** RECORDS FOR THIS TASK follows **

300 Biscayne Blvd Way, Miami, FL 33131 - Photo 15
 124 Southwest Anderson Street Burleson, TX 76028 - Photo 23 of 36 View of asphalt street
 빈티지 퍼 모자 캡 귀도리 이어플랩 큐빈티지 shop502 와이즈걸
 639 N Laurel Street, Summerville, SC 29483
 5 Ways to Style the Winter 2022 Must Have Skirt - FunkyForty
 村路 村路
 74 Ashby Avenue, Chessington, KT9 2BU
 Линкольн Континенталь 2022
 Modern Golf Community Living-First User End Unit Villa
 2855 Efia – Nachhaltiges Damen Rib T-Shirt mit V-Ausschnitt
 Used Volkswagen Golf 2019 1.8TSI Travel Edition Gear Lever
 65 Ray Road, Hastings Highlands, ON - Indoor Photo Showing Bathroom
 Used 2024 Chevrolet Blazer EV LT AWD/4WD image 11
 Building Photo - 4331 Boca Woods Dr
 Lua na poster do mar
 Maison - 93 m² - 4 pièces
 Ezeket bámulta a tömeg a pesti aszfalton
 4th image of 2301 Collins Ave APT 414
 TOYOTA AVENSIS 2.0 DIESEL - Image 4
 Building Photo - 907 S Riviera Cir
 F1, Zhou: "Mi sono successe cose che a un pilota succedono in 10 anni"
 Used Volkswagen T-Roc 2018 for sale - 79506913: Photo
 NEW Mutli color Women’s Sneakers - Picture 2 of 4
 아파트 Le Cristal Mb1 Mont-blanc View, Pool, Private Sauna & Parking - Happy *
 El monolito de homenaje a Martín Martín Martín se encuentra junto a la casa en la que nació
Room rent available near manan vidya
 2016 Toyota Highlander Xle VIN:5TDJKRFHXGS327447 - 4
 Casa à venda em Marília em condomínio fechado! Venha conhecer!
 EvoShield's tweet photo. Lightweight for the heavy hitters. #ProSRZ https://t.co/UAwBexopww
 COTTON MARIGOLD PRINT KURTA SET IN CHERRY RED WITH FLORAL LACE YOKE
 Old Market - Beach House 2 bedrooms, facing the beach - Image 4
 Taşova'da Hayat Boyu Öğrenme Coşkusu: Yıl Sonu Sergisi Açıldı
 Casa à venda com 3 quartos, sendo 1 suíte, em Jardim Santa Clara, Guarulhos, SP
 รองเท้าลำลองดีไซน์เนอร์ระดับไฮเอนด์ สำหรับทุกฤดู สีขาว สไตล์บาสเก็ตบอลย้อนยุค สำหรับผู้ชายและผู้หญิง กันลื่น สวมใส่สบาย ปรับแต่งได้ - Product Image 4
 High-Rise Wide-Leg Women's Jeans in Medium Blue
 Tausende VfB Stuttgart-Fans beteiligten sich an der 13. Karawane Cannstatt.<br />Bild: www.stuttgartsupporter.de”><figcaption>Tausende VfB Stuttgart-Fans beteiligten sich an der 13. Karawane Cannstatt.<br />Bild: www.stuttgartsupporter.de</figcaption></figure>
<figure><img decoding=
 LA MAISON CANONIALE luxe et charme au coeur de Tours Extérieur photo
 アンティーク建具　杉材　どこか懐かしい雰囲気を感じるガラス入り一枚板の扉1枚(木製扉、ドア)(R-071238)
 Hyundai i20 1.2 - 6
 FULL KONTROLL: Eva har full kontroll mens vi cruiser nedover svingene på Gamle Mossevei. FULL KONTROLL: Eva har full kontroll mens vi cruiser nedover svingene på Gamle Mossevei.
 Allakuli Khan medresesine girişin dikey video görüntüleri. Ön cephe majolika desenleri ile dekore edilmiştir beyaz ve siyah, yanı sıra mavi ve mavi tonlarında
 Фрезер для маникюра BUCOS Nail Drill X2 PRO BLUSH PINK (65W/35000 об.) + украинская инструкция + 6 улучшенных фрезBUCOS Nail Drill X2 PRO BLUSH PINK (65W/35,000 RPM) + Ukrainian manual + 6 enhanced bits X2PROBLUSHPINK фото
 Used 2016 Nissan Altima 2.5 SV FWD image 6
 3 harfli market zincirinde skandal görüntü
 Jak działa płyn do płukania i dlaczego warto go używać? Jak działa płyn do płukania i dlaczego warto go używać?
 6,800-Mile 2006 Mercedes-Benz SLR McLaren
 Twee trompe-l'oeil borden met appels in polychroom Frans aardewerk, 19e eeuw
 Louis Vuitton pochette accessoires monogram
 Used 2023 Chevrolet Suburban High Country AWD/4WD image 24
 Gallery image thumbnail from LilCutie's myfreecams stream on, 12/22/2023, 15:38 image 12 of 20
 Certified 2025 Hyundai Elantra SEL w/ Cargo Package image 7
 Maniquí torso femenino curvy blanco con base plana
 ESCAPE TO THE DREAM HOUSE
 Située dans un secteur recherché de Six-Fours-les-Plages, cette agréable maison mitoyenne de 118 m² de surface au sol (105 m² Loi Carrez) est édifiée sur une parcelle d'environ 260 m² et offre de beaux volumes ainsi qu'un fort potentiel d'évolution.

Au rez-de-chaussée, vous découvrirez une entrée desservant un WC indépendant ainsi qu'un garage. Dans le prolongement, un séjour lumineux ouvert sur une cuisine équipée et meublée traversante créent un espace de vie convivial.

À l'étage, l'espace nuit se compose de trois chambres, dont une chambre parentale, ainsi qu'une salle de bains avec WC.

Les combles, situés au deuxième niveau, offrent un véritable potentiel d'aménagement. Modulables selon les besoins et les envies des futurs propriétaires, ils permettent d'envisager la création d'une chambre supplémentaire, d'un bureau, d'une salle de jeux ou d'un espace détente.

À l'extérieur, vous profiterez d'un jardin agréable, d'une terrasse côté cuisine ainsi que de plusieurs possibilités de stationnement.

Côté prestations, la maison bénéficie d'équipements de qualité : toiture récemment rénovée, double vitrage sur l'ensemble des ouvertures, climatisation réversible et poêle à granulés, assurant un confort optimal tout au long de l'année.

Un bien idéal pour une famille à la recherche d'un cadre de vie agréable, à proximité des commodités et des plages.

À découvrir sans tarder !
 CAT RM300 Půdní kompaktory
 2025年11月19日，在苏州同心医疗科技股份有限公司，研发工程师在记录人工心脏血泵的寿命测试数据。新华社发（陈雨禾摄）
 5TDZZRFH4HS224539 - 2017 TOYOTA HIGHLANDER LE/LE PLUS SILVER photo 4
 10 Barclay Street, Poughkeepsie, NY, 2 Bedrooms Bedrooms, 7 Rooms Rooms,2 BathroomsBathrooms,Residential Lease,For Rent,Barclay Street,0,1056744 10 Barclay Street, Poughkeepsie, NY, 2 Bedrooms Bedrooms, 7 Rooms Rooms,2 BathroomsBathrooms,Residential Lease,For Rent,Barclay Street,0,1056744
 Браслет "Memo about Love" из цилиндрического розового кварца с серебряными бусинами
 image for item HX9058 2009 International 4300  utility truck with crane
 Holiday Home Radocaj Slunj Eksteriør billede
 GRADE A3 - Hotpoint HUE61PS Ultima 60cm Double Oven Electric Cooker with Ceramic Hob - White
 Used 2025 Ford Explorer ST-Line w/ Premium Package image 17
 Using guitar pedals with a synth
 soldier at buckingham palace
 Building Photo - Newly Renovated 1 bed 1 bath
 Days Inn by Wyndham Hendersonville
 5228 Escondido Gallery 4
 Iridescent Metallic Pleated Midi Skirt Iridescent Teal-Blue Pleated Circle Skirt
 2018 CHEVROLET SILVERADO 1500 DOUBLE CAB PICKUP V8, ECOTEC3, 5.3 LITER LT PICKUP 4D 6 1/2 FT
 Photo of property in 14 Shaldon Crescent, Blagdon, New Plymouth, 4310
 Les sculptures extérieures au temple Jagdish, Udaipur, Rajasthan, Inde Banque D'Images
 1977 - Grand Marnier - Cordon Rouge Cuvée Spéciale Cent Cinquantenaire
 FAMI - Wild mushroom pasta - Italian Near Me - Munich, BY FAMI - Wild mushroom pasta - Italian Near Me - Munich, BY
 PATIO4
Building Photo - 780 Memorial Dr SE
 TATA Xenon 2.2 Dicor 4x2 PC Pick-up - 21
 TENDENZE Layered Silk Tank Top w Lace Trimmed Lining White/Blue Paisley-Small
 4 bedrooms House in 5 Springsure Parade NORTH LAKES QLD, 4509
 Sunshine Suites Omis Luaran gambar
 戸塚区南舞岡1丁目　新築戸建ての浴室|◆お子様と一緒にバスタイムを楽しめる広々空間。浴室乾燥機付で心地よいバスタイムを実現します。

** End of RECORDS FOR THIS TASK **

#### WHAT TO DO:
Check every line above for the word "View" and copy those that have it.

#### ANSWER SPACE:
 124 Southwest Anderson Street Burleson, TX 76028 - Photo 23 of 36 View of asphalt street
 아파트 Le Cristal Mb1 Mont-blanc View, Pool, Private Sauna & Parking - Happy *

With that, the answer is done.